SIGNS OF THE TIMES

January 2001

by Barry Stagg

Dachas on Trinity Bay

With the new millennium definitely on the go with the new year, I want to suggest a fresh set of awards to be ordained by our brand new Liberal government. The first is a bit of a derivative but one that should be available by dint of neglect and abandonment in recent times. This is the Order of Lenin. According to an Internet outfit calling itself the Russian Mint, the Lenin was officially established by a decision of the Presidium of the USSR Central Committee in 1930. However the Lenin went the way of the Czars in 1991 with the unlamented demise of the Soviet Dynasty.

The actual antecedents and heraldry of the Order of Lenin are set out by the folks at the Mint in the following summary which should help the Ottawa commissars in making a quick decision on this:

" The Lenin was officially established by a decision of the Presidium of the USSR Central Committee on April 6, 1930. The first pieces of the Order Of Lenin, 700 in all, were minted in silver. Four years later, in 1934, a gilded silver version of the Lenin was added. In 1936, Stalin recalled both the silver and the gilded silver specimens from their respective recipients. In their place, the recipients received a new Order Of Lenin, struck in gold and platinum for the first time. Gold remained the metal of choice until the last Order Of Lenin was struck in 1991, the final year of the Soviet Dynasty. "

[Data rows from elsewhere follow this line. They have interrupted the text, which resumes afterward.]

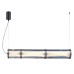 Подвес Favourite 4245-3P Bones LED*28W, 730LM, 4000K L1090*W165*H295/1800мм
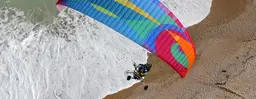 BGD Cyclone Motorschirm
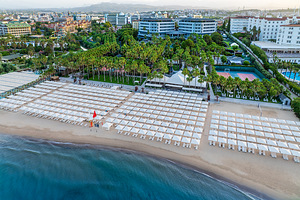 MIRAMARE BEACH HOTEL (1 фото из 10)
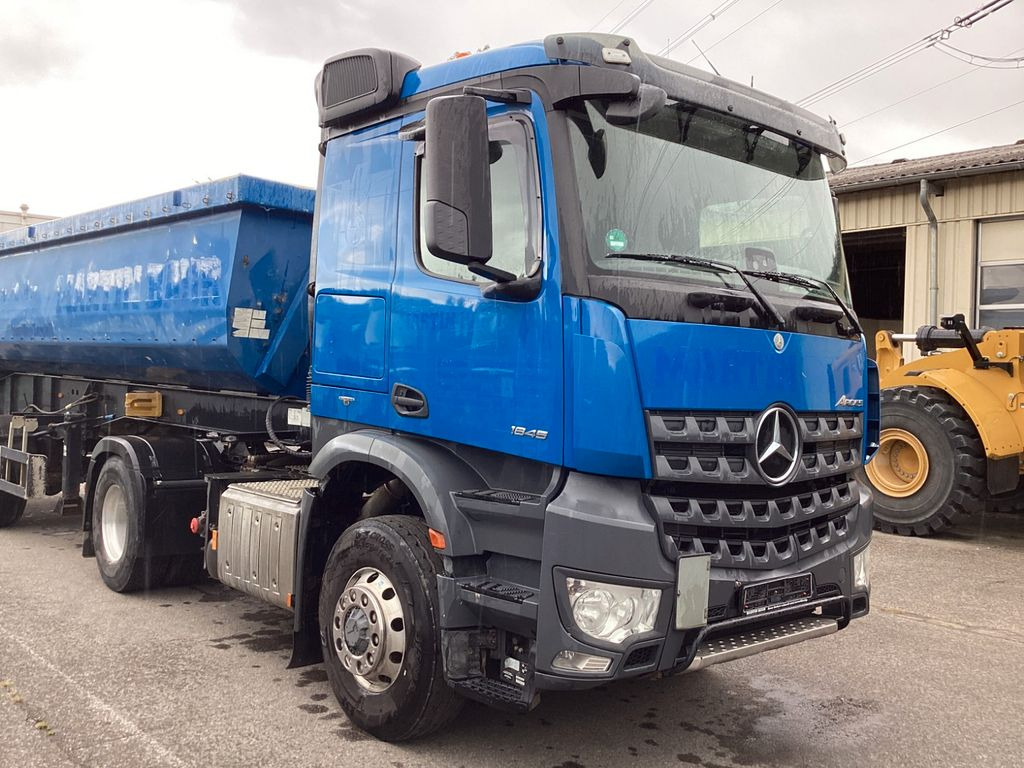Mercedes-Benz Arocs 1845 HAD 4x4 Hydrodrive Kipphydraulik Reta - Sattelzugmaschine: das Bild 3 Mercedes-Benz Arocs 1845 HAD 4x4 Hydrodrive Kipphydraulik Reta - Sattelzugmaschine: das Bild 3
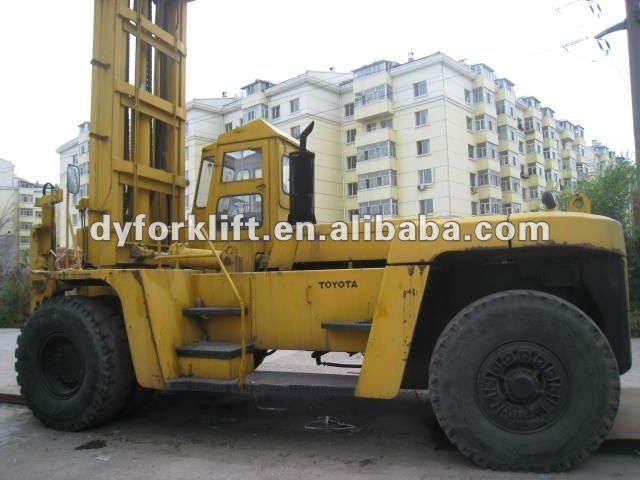 used Toyota forklifts for sale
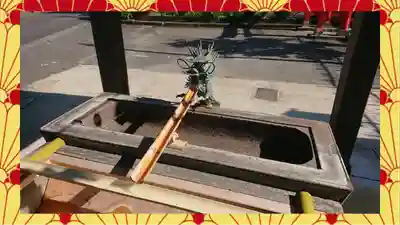 武蔵第六天神社(埼玉県)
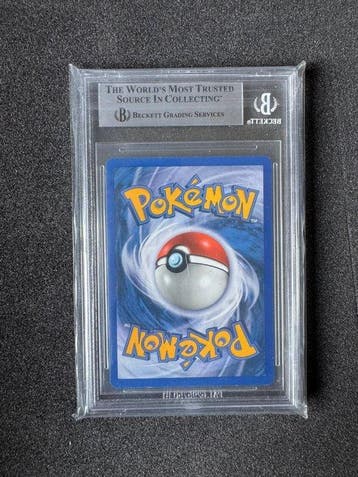 Pokémon - 1 Graded card - Espeon 4/113 Reverse holo -, Nieuw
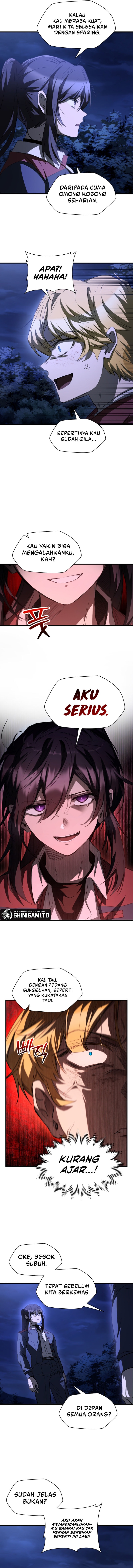 Helmut: The Forsaken Child Chapter 129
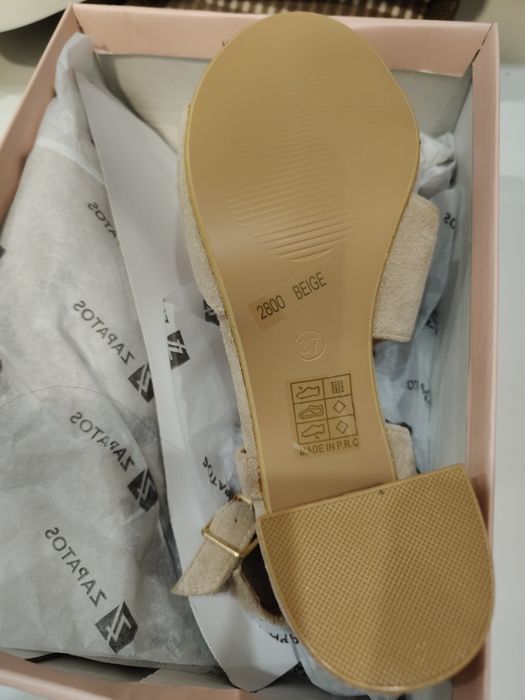 Дамски летни обувки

These are great reasons to institute this honour and to announce a first Canadian recipient, one worthy of the award in all its statist grandeur. That person is Rick Mercer, state comedian par excellence, non pareil.

There is no need to be modest when praising the accomplishments of Comedian Mercer. This is a Newfoundlander well versed in the statecraft of working the crowd in a country dominated by the big business of government. He is a success and has both the notoriety and the audience command that make for large market share.

Comedian Mercer has now extended his performance resume to include pure political advocacy albeit of the comic variety. His urging of Internet users to abuse the hit counter on his web site in the service of his campaign to transform Stockwell Day into Doris Day was one that luckily evaded the ban on third party advertizing in the past federal election. Surely, this campaign contribution to the Liberal Party should tip the scales in his favour when the Central Committee in charge of such honours meets in Ottawa.

The task of lobbying the powers that be in the federal government should be directed primarily toward persuading them that the Order of Lenin is an appropriate import into Canada. Suffice it to say that with the socialist antecedents of Chairman Lenin, there should be little opposition to the conversion of this award on ideological grounds. The state of disuse of the trophy in the now re-constituted Russia should be a strong factor in getting the award ranked right up there with the Order of Canada as a special, perhaps even precious recognition for deserving public figures.

There are other candidates for this kind of Order but none with the flourish and exemplary dedication to public service that Comedian Mercer has shown. Perhaps Donna Butt of Rising Tide Theatre renown might be deserving of an honourable mention, though not an outright award for her heroic efforts on the CBC Television show Counterspin. The work of Ms. Butt in demonstrating what a 'good' ACOA grant does, sort of like 'good cholesterol', apparently, was yeoman like, though not of the national character of the Comedian Mercer web site work. In recognition of her talents in the area of state industry, perhaps the government might consider importing that more common award of 'Hero of the State', coming as coincidence would have it, from the old Soviet regime. I leave that decision to the worthy commissars in the federal department of Industry, Trade and Commerce.

To this date there is no word from government as a whether or not Trinity Bay will substitute for the Black Sea as being a fit shoreline for the country homes or Dachas that typically accrued to the Soviet recipients of such gestures of privilege, honour and distinguished service to state industry. Again the appropriate decision remains in the hands of those charged by the Central Committee of government in the federal Industry department, where, I am told, the minister is a representative of the good folk of that great, if not far greater, Bay.